Происходило всё это в далёкой и жаркой Средней Азии, где классики за неимением более или менее цивилизованной среды очень ценились. К их слову прислушивались. Все классики советского периода советовали прежде чем писать, набраться жизненного опыта. И после восьмого класса я поступил в местное железнодорожное училище. Принимали туда без экзаменов и поэтому к концу осени там собиралась вся шпана Туркменской Советской Социалистической Республики, а также братского Узбекистана. Так что набраться жизненного опыта мне удалось.
Но до вершин - тюрьмы или колонии, где заканчивали учёбу многие воспитанники этого училища, я не добрался. Более того: на этом фоне я выглядел отличником, комсомольцем и почти красавцем, короче говоря, по окончании училища я был направлен в институт.

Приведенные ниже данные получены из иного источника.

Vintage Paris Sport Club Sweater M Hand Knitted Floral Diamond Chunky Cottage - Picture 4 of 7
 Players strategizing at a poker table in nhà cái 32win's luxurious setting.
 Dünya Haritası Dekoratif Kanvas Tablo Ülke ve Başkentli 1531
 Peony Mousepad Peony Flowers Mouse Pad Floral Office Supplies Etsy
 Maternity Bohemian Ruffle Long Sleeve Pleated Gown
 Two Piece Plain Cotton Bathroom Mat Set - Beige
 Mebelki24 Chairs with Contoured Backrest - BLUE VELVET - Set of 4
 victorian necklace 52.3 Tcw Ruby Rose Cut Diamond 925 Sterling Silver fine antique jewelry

Полтора года, проведённых в Ленинграде, оказались следующим этапным временем в моей молодой жизни. Если в училище я набрался жизненного опыта, то в Ленинградском институте инженеров железнодорожного транспорта я набирался опыта художественного. Дело в том, что при этом институте работала театральная студия, которую вёл Владимир Афанасьевич Малыщицкий, основавший позже Молодёжный театр на Фонтанке. Его спектакли приходила смотреть вся интеллигенция северной столицы. Мне же удалось — сам до сих пор не пойму как — попасть в эту труппу. Правда, актёра из меня не получилось, как не получилось и студента-железнодорожника.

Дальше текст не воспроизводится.